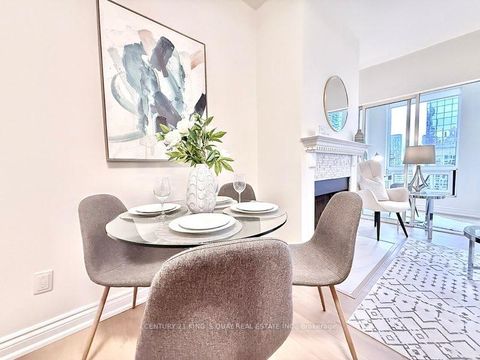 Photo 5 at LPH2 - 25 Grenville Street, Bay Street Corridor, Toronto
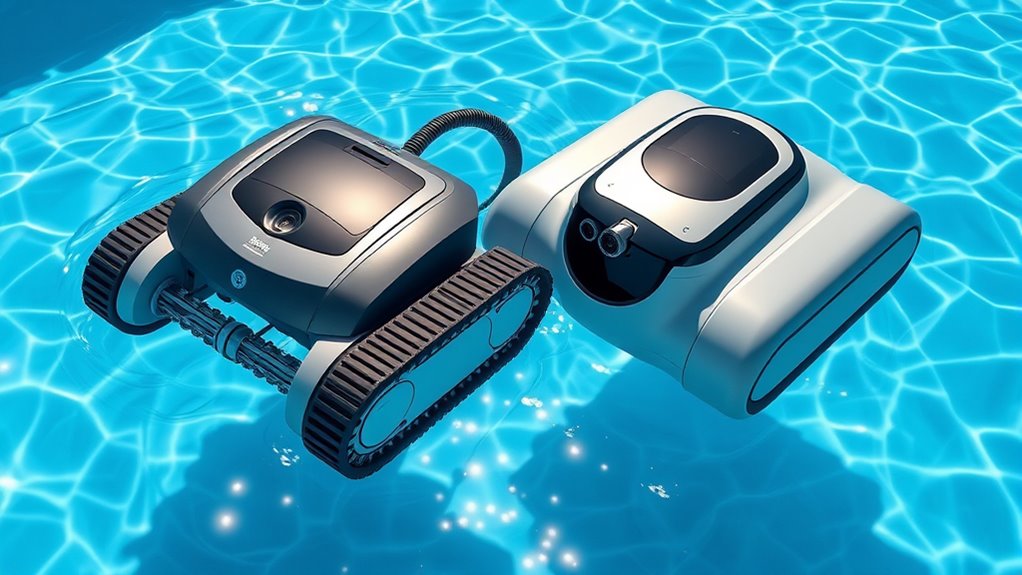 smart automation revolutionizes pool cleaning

--

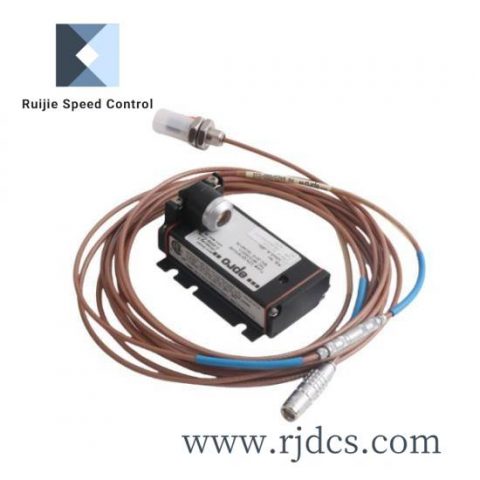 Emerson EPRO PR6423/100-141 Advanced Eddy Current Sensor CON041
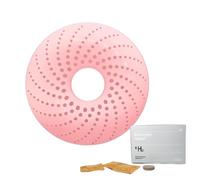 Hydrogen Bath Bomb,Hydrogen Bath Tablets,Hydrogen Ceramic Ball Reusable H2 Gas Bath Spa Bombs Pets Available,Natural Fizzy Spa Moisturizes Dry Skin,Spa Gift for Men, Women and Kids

TASK. For this exercise, please set down exactly the lines of the listing above from the line with "Emerson EPRO PR6423/100-141" up to and including the line with "Hydrogen Bath Bomb,Hydrogen", and no pictures.

ANSWER TO THE PROBLEM.
 Emerson EPRO PR6423/100-141 Advanced Eddy Current Sensor CON041
 Hydrogen Bath Bomb,Hydrogen Bath Tablets,Hydrogen Ceramic Ball Reusable H2 Gas Bath Spa Bombs Pets Available,Natural Fizzy Spa Moisturizes Dry Skin,Spa Gift for Men, Women and Kids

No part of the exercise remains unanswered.